INVESTIGADORES
MONTAGNA Jorge Marcelo
artículos
Título:
Incorporating Process Information in the Optimal Design of Biotechnological Plants
Autor/es:
PINTO, JOSÉ M; ASENJO, JUAN A; MONTAGNA, JORGE MARCELO; VECCHIETTI, ALDO R.; IRIBARREN, OSCAR A.
Revista:
LATIN AMERICAN APPLIED RESEARCH
Editorial:
PLAPIQUI (UNS, CONICET)
Referencias:
Año: 2001 vol. 31 p. 487 - 493
ISSN:
0327-0793
Resumen:
In this work, we propose optimization approaches that make use of process information for the design of multiproduct batch plants. First, we develop an optimization model for designing multiproduct batch plants. The plant consists of several parallel stages, which can work either in phase or out-of-phase. Processing times and size factors for each unit of the plant rely on first level of detail posynomial models. A particular feature of these models is that they may contain composite units where semi continuous items operate on the material contained by batch items. Secondly, we propose an approach in which the optimization model includes process performance models for the unit stages and a posynomial model for the multiproduct batch plant. The processperformance models define the size and time factors of the posynomial model, as functions of the process variables selected to optimize the plant.

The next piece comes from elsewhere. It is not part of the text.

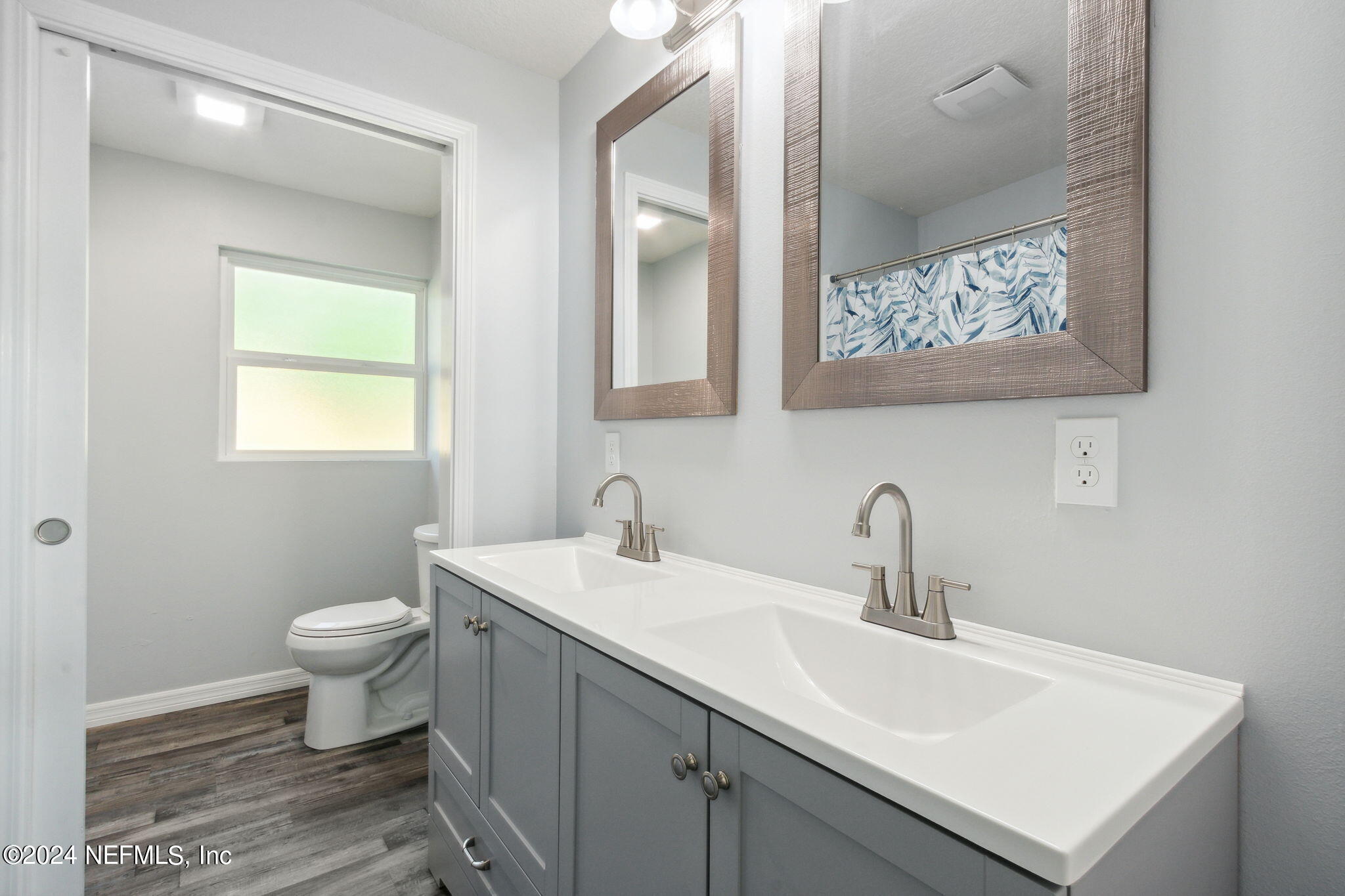 9411 Orme Road Jacksonville, FL 32220 - Photo 20 of 33 a bathroom with a toilet sink and mirror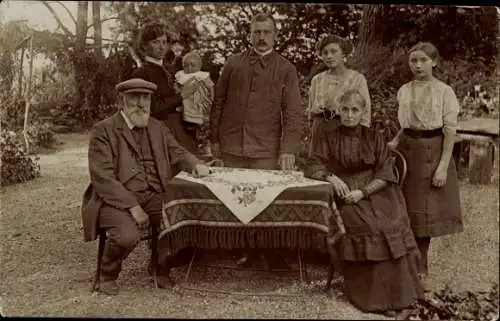 Foto Ak Gruppenbild, Familie an einem Tisch im Garten, Thede, Lars A. Müller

These are expressed as algebraic equations obtained from the analytical integration of simplified mass balances and kinetic expressions that describe each unit operation. Both approaches result in Mixed Integer Non Linear Programming (MINLP) models. In the first approach, since unit as well as structural plant constraints are posynomial, a convexified MINLP is solved to global optimality. The decision variables are the number of parallel units in phase and out of phase and their size at each batch stage, the installation or not of intermediate storage between the batch stages and their size. In the second approach, we simultaneously optimize the structure of the plant, the batch plant decision variables and the process decision variables. A biotechnological plant consisting of eight stages operating in Single Product Campaign mode was modeled and optimized by using both approaches. Using this example, it is shown that the additional degrees of freedom introduced by the process performance models with respect to a fixed size and time factor model has a noticeable impact on improving the plant design.